Instructions to follow:
Reproduce everything from the line that contains "MAN Family - Merlot 'Jan Fiskaal'" down to the line that contains "New 2026 Buick" in the listing below, word for word and nothing more. Leave the pictures out.

Extracted information:
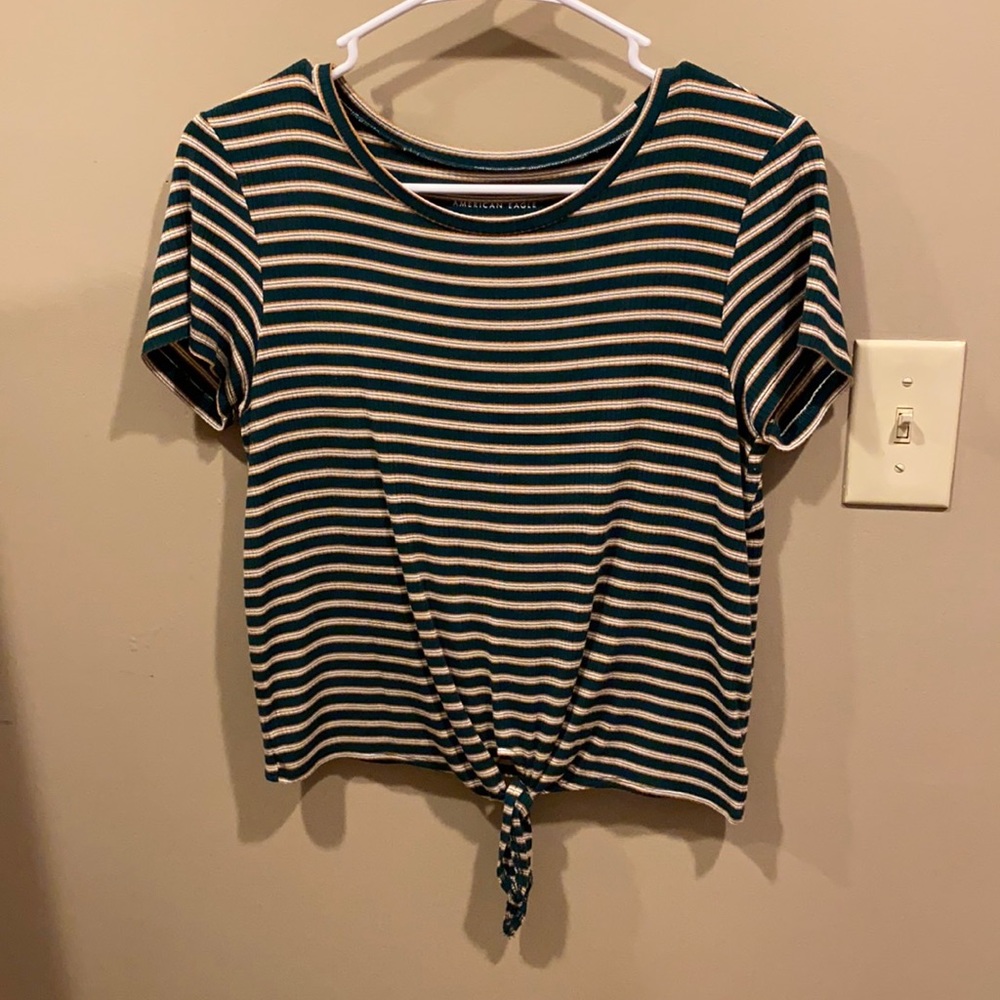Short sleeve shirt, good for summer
==
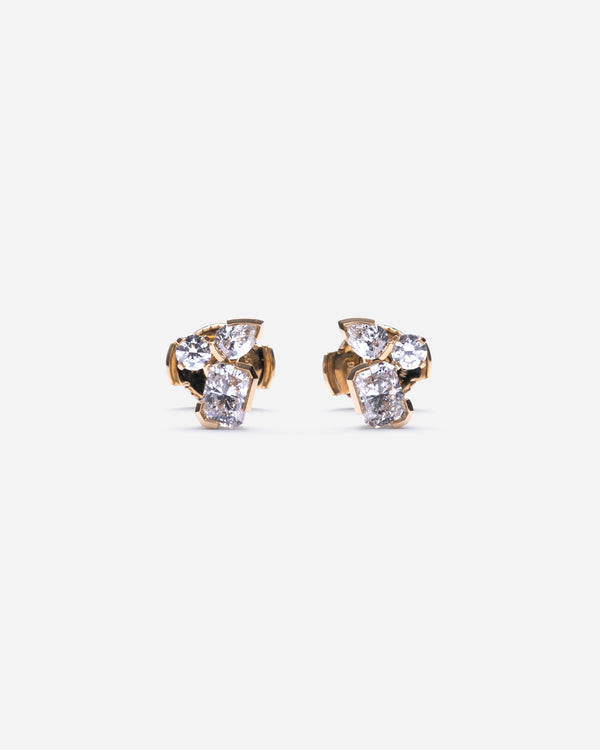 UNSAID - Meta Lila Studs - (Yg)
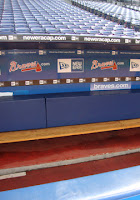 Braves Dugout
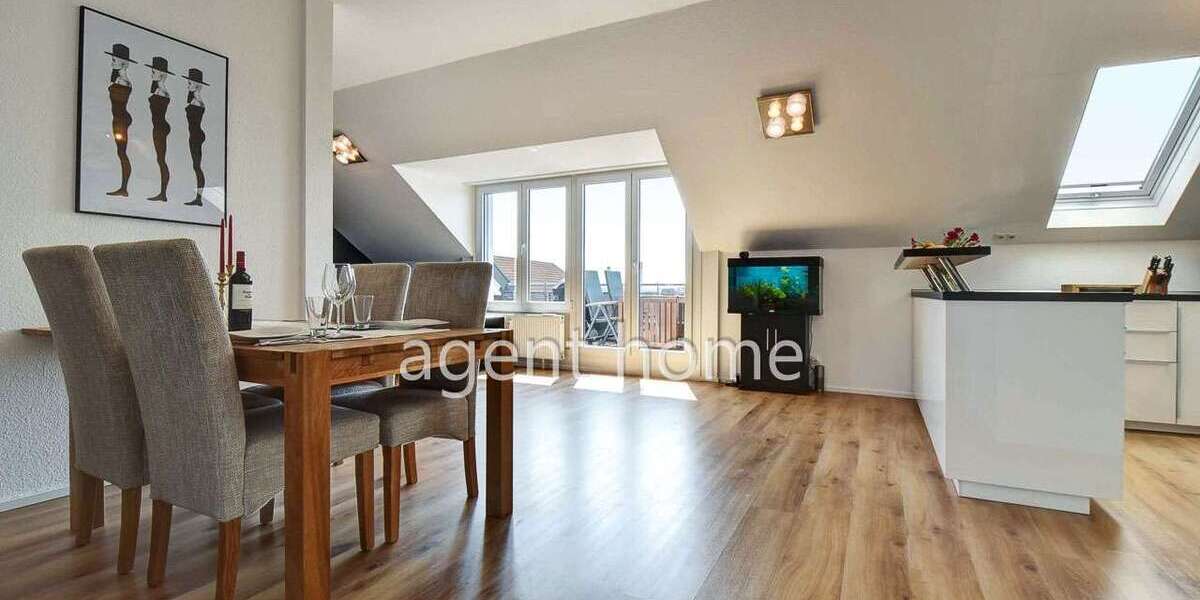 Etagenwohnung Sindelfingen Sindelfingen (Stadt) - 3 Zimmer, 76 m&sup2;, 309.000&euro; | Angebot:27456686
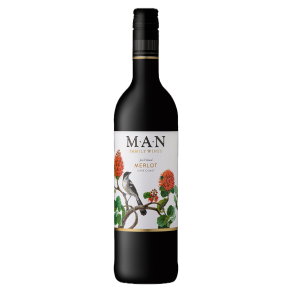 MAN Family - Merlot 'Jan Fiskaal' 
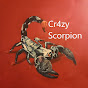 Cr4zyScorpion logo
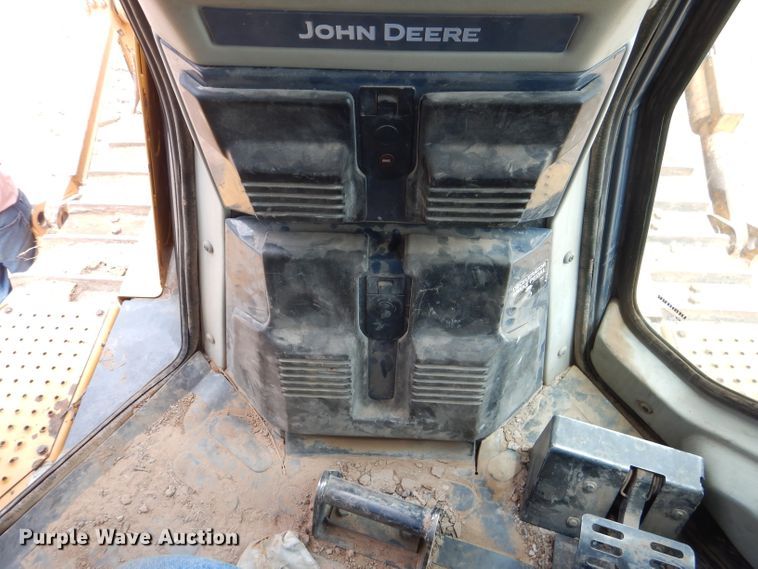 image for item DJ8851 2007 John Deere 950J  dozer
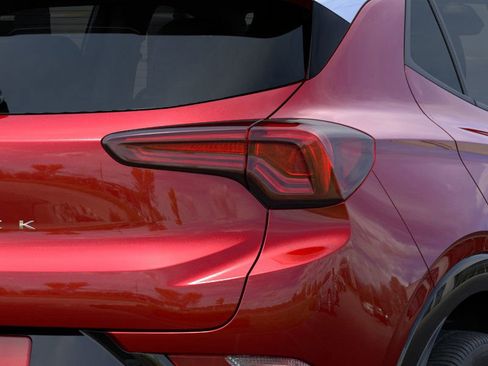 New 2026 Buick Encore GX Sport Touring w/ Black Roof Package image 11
...
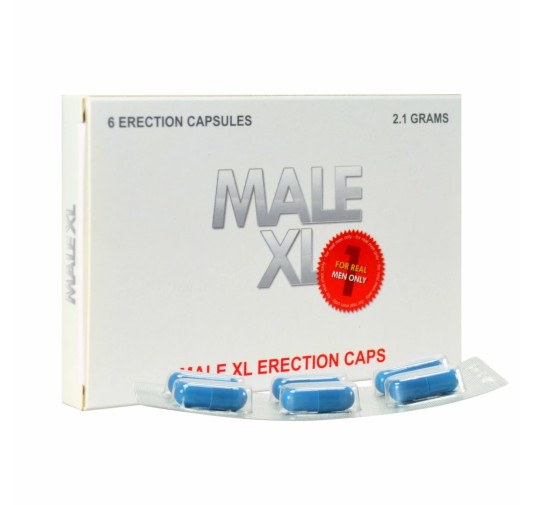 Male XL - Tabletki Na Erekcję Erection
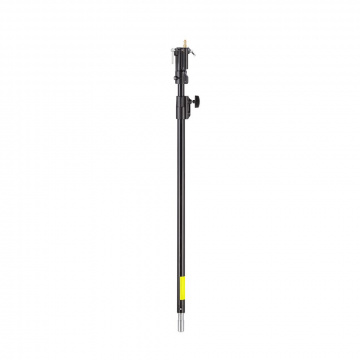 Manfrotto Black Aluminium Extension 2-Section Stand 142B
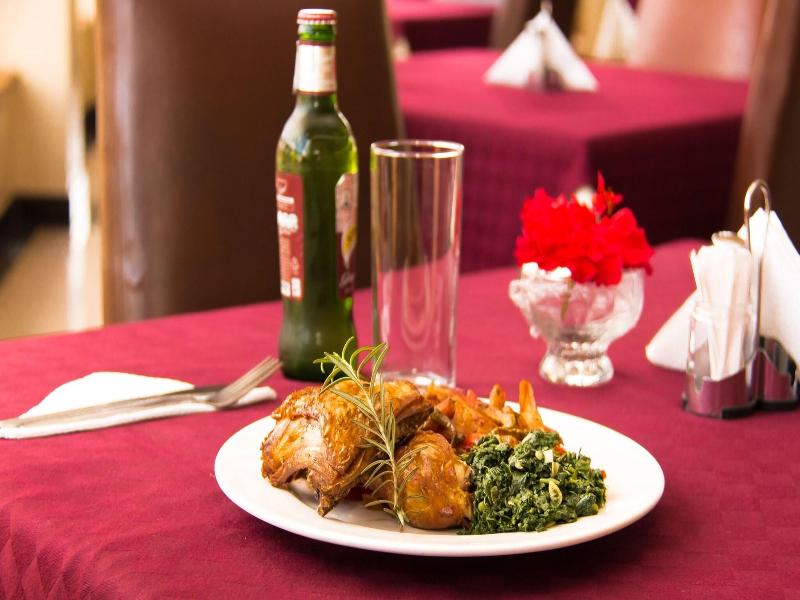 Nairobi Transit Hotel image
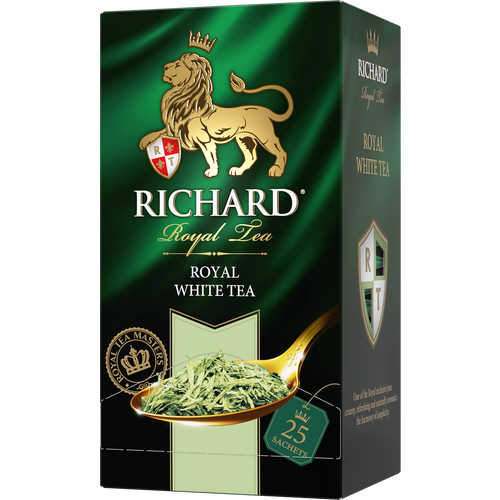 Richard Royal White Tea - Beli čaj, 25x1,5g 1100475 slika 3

Exercise output:
 MAN Family - Merlot 'Jan Fiskaal' 
 Cr4zyScorpion logo
 image for item DJ8851 2007 John Deere 950J  dozer
 New 2026 Buick Encore GX Sport Touring w/ Black Roof Package image 11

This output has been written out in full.